#### Information provided:

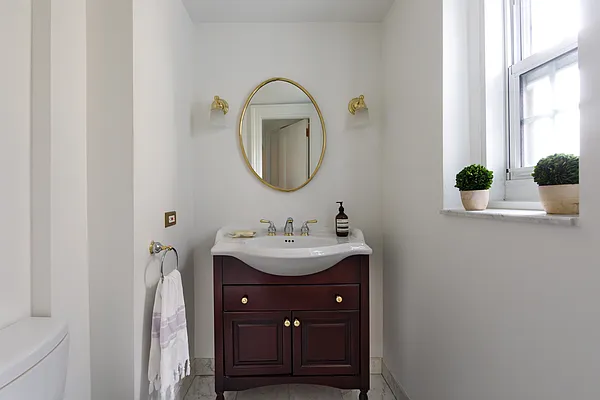 Sold by Compass | media 10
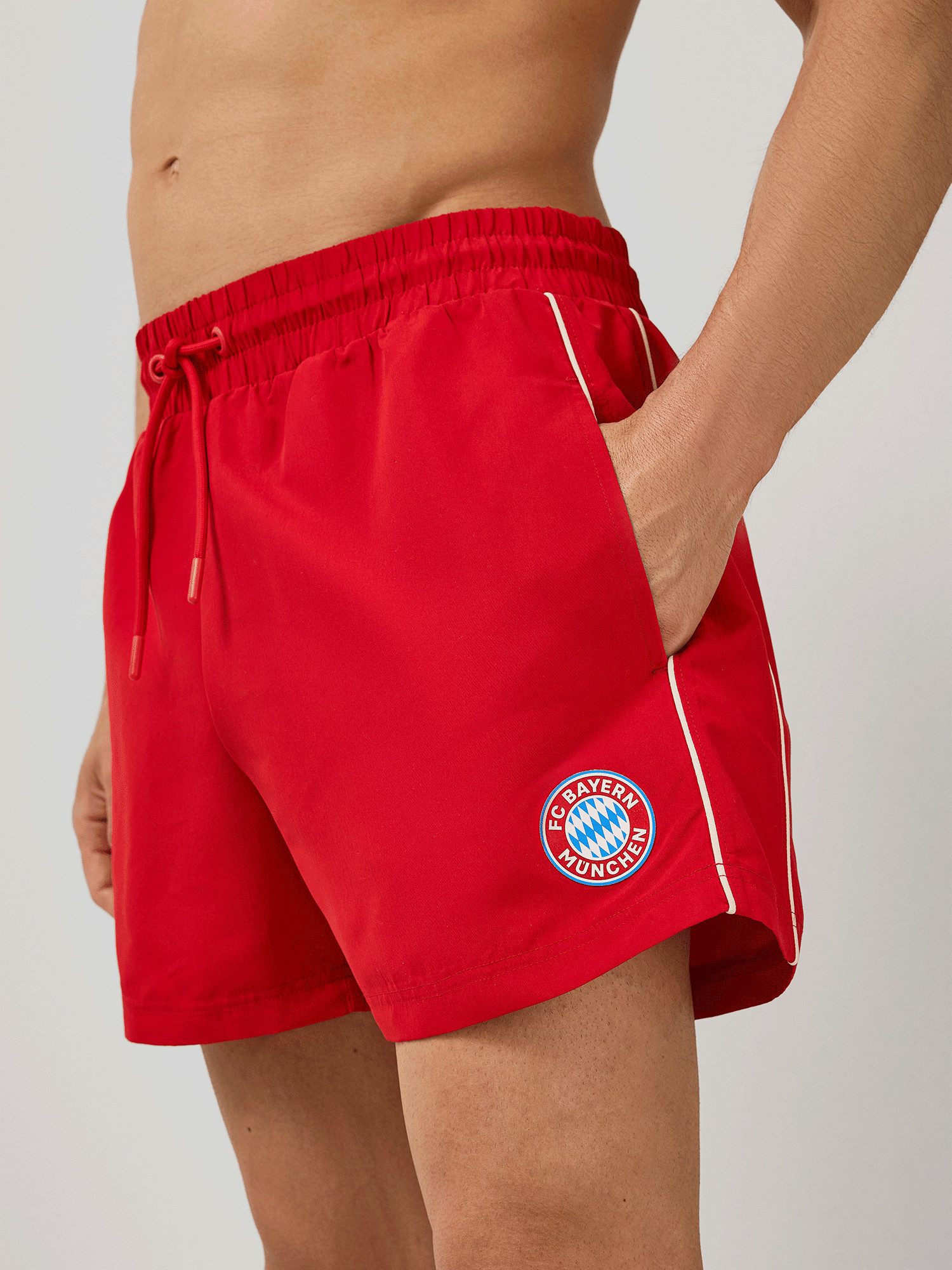 FC Bayern München Badehose FC Bayern München I Badehose I Badeshort Essentials I Herren I Rot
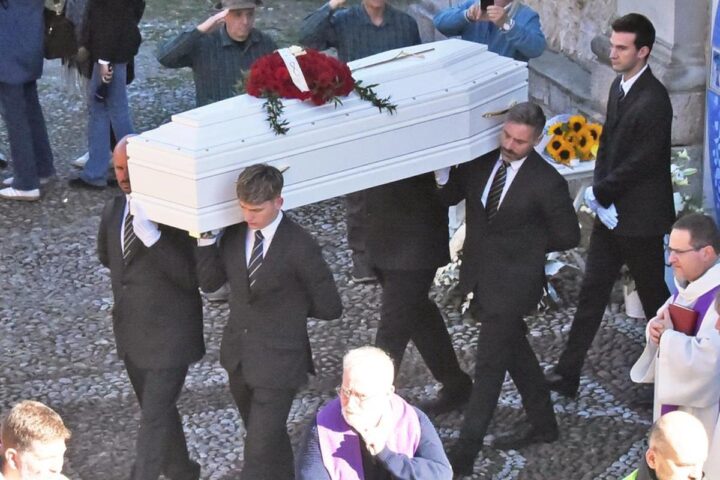 Funerali di Pamela Genini, 29enne uccisa a Milano: il ricordo di una vita spezzata dalla violenza di genere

#### Work to be completed:
Go through the material above and retype every line exactly, without the images.

#### Answer section:
 Sold by Compass | media 10
 FC Bayern München Badehose FC Bayern München I Badehose I Badeshort Essentials I Herren I Rot
 Funerali di Pamela Genini, 29enne uccisa a Milano: il ricordo di una vita spezzata dalla violenza di genere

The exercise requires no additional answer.